*** Opening of RECORDS SUPPLIED ***
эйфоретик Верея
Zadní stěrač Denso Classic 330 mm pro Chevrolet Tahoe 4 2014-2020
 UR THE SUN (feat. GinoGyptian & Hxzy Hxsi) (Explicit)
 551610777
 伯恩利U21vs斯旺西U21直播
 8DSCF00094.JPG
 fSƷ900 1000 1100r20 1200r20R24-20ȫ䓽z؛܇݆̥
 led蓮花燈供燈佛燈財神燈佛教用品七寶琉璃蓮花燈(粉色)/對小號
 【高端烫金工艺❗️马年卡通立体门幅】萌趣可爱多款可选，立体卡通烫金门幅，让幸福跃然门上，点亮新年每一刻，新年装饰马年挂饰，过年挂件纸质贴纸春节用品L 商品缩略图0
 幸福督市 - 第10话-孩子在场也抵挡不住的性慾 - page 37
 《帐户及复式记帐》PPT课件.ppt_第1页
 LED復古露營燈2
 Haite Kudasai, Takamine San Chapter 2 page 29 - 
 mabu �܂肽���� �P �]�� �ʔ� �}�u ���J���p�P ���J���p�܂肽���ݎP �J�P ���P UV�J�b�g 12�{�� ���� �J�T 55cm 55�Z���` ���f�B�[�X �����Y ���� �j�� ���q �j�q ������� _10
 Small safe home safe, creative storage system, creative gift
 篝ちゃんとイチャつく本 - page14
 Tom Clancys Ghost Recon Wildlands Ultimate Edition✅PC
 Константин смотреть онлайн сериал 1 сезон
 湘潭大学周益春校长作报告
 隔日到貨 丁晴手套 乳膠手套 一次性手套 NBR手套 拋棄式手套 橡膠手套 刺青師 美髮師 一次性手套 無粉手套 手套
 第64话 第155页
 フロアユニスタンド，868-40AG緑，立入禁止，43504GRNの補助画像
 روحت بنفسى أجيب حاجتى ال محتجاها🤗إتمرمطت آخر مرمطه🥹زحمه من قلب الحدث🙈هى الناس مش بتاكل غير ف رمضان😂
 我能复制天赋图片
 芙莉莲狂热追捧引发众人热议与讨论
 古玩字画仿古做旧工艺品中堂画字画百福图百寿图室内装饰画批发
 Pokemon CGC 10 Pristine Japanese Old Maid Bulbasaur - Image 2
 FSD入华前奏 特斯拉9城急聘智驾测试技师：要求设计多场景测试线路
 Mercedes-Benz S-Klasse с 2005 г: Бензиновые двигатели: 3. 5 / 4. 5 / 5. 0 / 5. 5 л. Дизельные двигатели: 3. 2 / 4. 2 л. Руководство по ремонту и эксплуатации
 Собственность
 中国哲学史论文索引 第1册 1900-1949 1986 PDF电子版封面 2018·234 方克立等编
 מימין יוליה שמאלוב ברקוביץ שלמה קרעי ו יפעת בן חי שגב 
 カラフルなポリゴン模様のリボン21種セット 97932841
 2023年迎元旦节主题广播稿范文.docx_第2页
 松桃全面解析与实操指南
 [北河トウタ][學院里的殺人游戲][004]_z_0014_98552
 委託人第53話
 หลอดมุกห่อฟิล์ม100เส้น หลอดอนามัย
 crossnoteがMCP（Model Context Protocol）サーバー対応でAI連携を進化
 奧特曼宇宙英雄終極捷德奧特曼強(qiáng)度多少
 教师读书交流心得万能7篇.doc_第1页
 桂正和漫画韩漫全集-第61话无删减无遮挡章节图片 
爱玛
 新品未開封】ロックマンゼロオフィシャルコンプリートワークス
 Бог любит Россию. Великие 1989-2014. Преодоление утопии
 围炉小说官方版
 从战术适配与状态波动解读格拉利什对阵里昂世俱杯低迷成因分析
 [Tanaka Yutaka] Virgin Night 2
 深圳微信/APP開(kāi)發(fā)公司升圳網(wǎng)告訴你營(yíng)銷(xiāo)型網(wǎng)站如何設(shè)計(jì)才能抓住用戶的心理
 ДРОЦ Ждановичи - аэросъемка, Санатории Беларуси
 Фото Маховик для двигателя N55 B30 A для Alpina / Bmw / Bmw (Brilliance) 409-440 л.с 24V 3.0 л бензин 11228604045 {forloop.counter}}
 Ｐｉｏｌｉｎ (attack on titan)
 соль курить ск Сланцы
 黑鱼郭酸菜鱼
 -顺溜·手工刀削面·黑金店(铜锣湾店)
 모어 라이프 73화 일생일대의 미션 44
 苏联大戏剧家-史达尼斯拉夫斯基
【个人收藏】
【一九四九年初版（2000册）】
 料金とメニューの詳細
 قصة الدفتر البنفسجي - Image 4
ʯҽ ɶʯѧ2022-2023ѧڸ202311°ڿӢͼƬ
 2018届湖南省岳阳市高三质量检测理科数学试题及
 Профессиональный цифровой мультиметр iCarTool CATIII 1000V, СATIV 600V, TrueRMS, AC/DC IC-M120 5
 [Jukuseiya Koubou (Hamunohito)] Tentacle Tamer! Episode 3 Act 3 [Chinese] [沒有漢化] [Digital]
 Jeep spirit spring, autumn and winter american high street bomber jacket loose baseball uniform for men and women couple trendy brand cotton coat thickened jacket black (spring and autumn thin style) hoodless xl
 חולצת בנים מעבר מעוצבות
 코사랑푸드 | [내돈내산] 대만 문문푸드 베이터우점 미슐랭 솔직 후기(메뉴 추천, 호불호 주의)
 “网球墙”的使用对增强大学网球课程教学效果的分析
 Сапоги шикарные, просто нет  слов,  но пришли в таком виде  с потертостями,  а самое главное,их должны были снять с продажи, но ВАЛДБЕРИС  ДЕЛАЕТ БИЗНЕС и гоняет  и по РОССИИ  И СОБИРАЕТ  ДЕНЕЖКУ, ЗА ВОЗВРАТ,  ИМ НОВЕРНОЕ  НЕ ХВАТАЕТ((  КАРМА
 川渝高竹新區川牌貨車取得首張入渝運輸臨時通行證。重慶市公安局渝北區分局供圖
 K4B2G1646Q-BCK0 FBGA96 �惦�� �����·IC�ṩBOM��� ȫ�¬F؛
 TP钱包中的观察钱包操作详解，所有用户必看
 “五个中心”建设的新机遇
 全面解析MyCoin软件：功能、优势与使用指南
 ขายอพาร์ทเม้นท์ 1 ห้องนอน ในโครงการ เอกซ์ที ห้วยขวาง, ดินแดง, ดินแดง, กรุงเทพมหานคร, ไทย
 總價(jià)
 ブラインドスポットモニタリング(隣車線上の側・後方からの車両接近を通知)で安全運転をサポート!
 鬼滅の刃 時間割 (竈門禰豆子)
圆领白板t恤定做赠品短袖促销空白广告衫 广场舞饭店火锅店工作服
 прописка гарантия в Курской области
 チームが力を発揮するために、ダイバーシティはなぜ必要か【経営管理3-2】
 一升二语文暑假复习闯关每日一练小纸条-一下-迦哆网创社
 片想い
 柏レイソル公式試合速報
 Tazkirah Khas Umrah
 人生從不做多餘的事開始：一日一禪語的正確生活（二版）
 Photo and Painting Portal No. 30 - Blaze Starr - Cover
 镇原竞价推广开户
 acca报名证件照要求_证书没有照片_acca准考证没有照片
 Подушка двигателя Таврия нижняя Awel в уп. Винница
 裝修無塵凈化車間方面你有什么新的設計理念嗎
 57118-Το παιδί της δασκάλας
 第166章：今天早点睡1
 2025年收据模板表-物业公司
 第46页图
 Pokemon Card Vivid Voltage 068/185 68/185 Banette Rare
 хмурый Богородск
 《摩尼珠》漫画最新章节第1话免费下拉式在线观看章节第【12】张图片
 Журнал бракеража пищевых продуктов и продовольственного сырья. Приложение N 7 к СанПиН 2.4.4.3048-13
*** Close of RECORDS SUPPLIED ***
§ WORK ITEM:
Collect every line from the records above that contains the word "двигателя".

§ ANSWER BELOW:
 Фото Маховик для двигателя N55 B30 A для Alpina / Bmw / Bmw (Brilliance) 409-440 л.с 24V 3.0 л бензин 11228604045 {forloop.counter}}
 Подушка двигателя Таврия нижняя Awel в уп. Винница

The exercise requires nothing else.